What is needed: Extract from the entries below, exactly as given, only the lines from the line containing "电影学爸投资价值大吗？多少票房回本？能赚钱吗？(学爸电影演员)" to the line containing "This parameter allows you to shorten", both lines included.

Web page caption snippets:

....

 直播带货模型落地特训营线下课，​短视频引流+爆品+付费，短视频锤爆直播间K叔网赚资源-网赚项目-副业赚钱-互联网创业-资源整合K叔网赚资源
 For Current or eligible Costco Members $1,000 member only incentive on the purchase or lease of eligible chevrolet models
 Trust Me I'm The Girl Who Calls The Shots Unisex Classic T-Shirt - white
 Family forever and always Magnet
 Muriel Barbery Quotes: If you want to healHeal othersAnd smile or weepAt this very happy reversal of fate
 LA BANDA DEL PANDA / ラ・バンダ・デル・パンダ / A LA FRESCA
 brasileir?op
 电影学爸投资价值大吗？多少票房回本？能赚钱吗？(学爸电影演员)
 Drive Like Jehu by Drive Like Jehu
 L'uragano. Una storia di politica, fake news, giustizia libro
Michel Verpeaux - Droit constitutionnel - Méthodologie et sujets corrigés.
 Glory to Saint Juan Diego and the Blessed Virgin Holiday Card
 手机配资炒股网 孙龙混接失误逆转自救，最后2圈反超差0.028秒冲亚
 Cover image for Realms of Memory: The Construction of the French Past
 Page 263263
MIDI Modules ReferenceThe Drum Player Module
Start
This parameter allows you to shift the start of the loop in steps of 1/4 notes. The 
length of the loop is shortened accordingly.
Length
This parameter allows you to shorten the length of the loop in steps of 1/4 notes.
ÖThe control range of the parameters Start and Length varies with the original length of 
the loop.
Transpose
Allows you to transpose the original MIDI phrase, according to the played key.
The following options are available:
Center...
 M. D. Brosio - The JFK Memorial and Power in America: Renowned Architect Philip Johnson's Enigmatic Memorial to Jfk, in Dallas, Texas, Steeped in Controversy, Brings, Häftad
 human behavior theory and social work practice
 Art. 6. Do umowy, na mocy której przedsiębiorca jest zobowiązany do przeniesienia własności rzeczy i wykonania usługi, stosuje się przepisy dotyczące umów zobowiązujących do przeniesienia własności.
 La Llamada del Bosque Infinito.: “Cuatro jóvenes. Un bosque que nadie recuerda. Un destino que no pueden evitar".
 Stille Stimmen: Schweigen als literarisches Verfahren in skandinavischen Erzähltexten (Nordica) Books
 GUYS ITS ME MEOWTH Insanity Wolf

....

Output below:
 电影学爸投资价值大吗？多少票房回本？能赚钱吗？(学爸电影演员)
 Drive Like Jehu by Drive Like Jehu
 L'uragano. Una storia di politica, fake news, giustizia libro
Michel Verpeaux - Droit constitutionnel - Méthodologie et sujets corrigés.
 Glory to Saint Juan Diego and the Blessed Virgin Holiday Card
 手机配资炒股网 孙龙混接失误逆转自救，最后2圈反超差0.028秒冲亚
 Cover image for Realms of Memory: The Construction of the French Past
 Page 263263
MIDI Modules ReferenceThe Drum Player Module
Start
This parameter allows you to shift the start of the loop in steps of 1/4 notes. The 
length of the loop is shortened accordingly.
Length
This parameter allows you to shorten the length of the loop in steps of 1/4 notes.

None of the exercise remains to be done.